4. Mr. K.T.S. Tulsi, learned counsel for the appellant submitted that the High Court has clearly lost sight of various provisions, more particularly, Rule 25 of the Delhi Co-operative Societies Rule, 1973 (in short the `Rules’) framed under Delhi Co-operative Societies Act, 1972 (in short the `Act’). It was pointed out that without availing the statutory remedies available under the Act and the Rules, the respondent No.2 Jasjit Kaur filed a writ petition. Since disputed questions were involved, the High Court ought not to have interfered in the matter. According to him directions given are clearly contrary to law.
5. In response, learned counsel for respondent No.2 submitted that she has been fighting a battle for getting her legitimate right and after having accepted the prayer for transfer, the Society cannot turn around and take a stand that since Anoop Singh was disqualified, the order of the High Court is indefensible. In any event it is submitted that plot has been allotted pursuant to the High Court’s order and, therefore, by passage of time the petition has become infructuous.
6. We find that before the High Court there was no appearance on behalf of the present appellant.
7. Rule 25 of the Rules reads as follows:
’25. Disqualification of Membership:
No person shall be eligible for admission as a member of a co-operative society if he-
(a) has applied to be adjudicated an insolvent or is an undischarged insolvent; or
(b) has been sentenced for any offence other than an offence of a political character or an offence not involving moral turpitude and dishonesty and a period of five years has not elapsed from the date of expiry of the sentence:
(c) in the case of membership of a housing society:
(i) owns a residential house or a plot of land for the construction of a residential house in any of the approved or un-approved colonies or other localities in the National Capital Territory of Delhi, in his own name or in the name of his spouse or any of his dependent children, on lease hold or free-hold basis or on power of attorney or on agreement for sale;
Provided that disqualification of membership as laid down in sub-rule (l)(c)(i) shall not be applicable in case of co-sharers of property whose share is less than 66.72 sq. metres of land;
Provided further that the said disqualification shall not be applicable in case of a person who has acquired property on power of attorney or through agreement for sale and on conversion of the property from leasehold to freehold on execution of conveyance deed for it, if such person applies for the membership of the housing society concerned; (Amended on 6.8.97)

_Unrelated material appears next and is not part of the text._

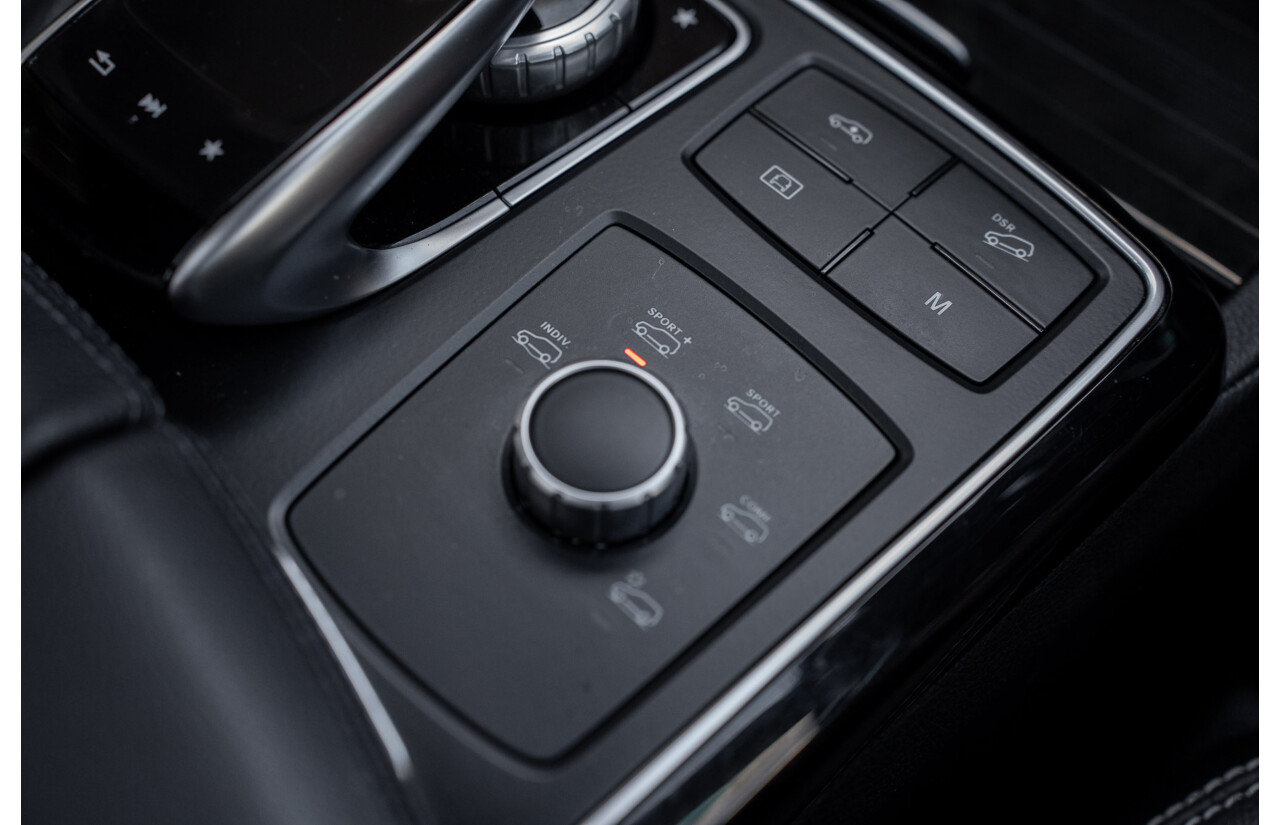 12/2016 Mercedes Benz GLE 43 AMG 4MATIC (AWD) 166 MY17 4d Wagon Selenite Grey Metallic Twin Turbo V6 3.0L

(ii) he deals in purchase or sale of immovable properties either as principal or as agent in the national Capital Territory of Delhi: or
(iii) he or his spouse or any of his dependant children is a member of any other housing society except otherwise permitted by the Registrar.
2. Notwithstanding anything contained in the rules or the bye-laws of the co-operative society, if a member becomes, or has already become, subject to any disqualification specified in sub-rule (1), he shall be deemed to have ceased to be a member from the date when the disqualifications were incurred.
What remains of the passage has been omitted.